→ **Source material**:
*** Begin section ***
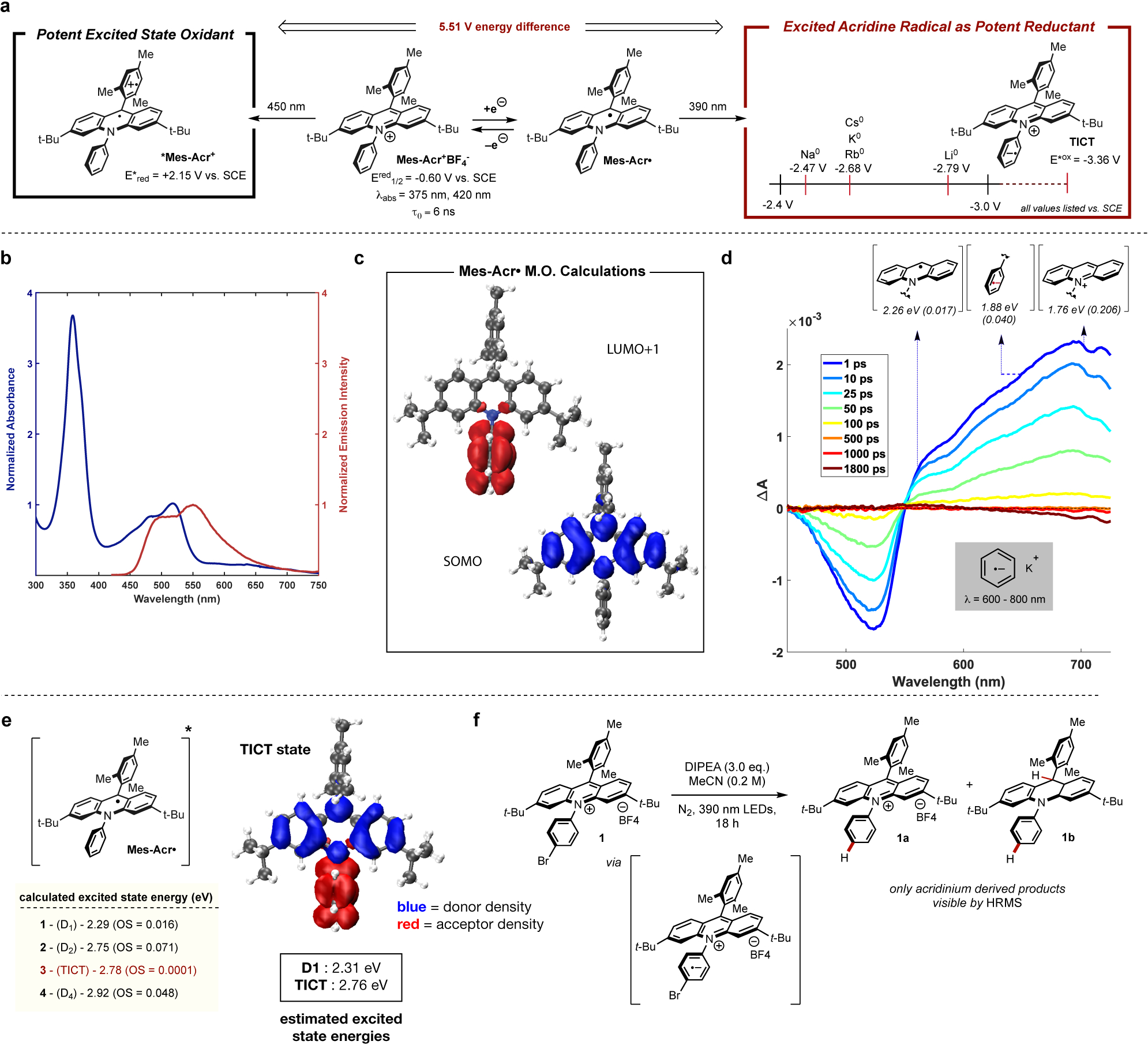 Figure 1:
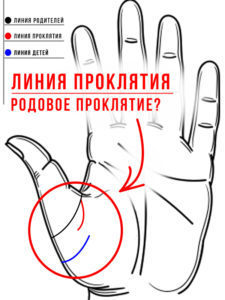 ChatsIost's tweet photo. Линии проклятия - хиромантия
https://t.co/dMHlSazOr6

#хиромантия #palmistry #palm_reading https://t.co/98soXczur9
*** End section ***
→ **Requirement**: The response must restate each line of the material above exactly and contain no images.

→ **Reply to the task**:
 Figure 1:
 ChatsIost's tweet photo. Линии проклятия - хиромантия
https://t.co/dMHlSazOr6

#хиромантия #palmistry #palm_reading https://t.co/98soXczur9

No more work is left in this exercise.